• [SOURCE DATA]:
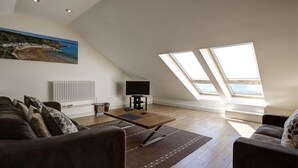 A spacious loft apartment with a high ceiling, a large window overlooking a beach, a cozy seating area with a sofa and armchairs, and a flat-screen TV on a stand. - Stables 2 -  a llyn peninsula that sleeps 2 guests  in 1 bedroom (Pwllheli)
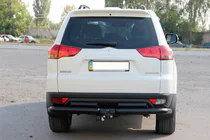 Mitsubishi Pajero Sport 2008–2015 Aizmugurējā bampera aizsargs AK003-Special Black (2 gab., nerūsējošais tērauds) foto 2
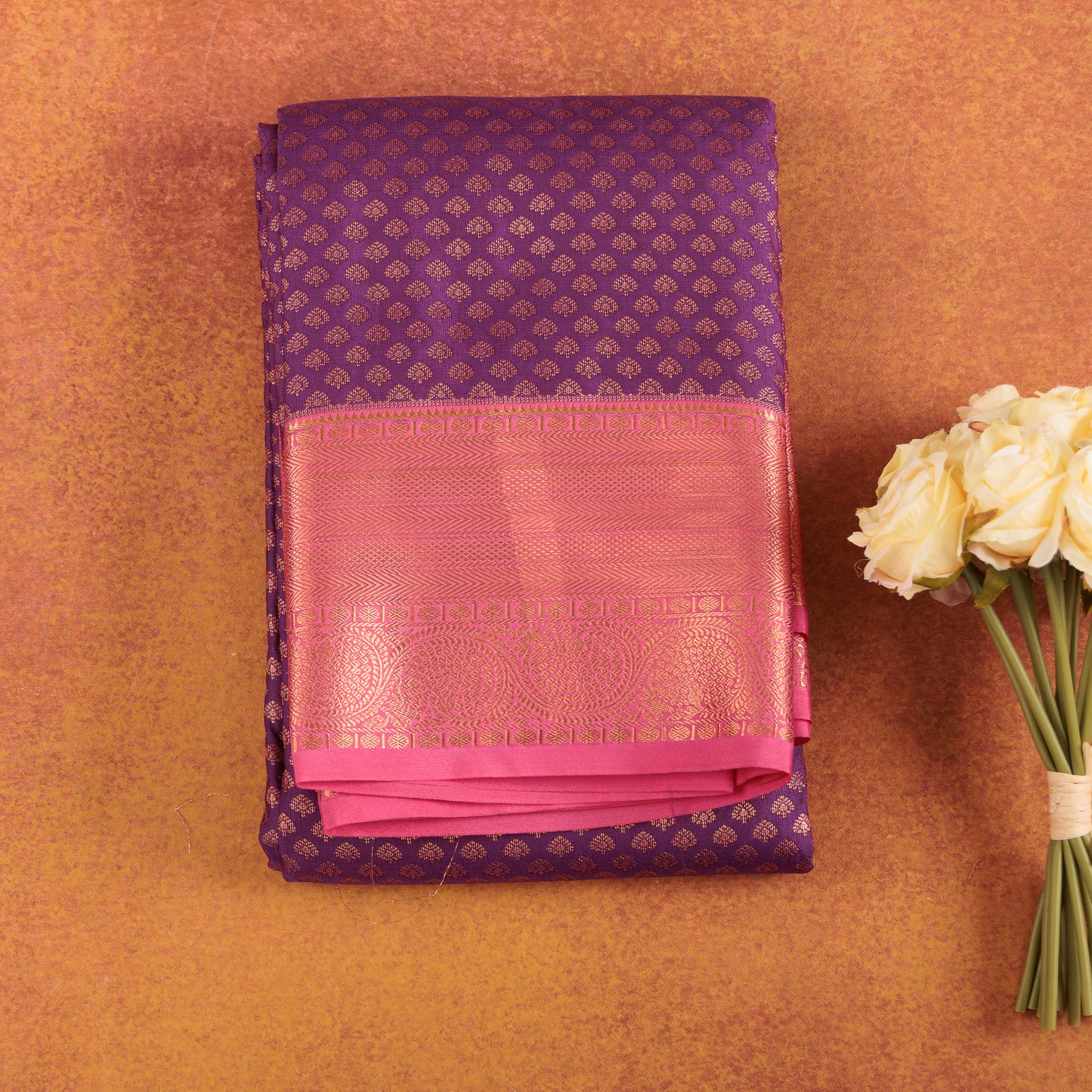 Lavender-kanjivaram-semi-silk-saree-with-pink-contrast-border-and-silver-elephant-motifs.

• [ASSIGNMENT]:
Your copy must repeat the data word for word and show none of its images.

• [ANSWER SPACE]:
 A spacious loft apartment with a high ceiling, a large window overlooking a beach, a cozy seating area with a sofa and armchairs, and a flat-screen TV on a stand. - Stables 2 -  a llyn peninsula that sleeps 2 guests  in 1 bedroom (Pwllheli)
 Mitsubishi Pajero Sport 2008–2015 Aizmugurējā bampera aizsargs AK003-Special Black (2 gab., nerūsējošais tērauds) foto 2
 Lavender-kanjivaram-semi-silk-saree-with-pink-contrast-border-and-silver-elephant-motifs.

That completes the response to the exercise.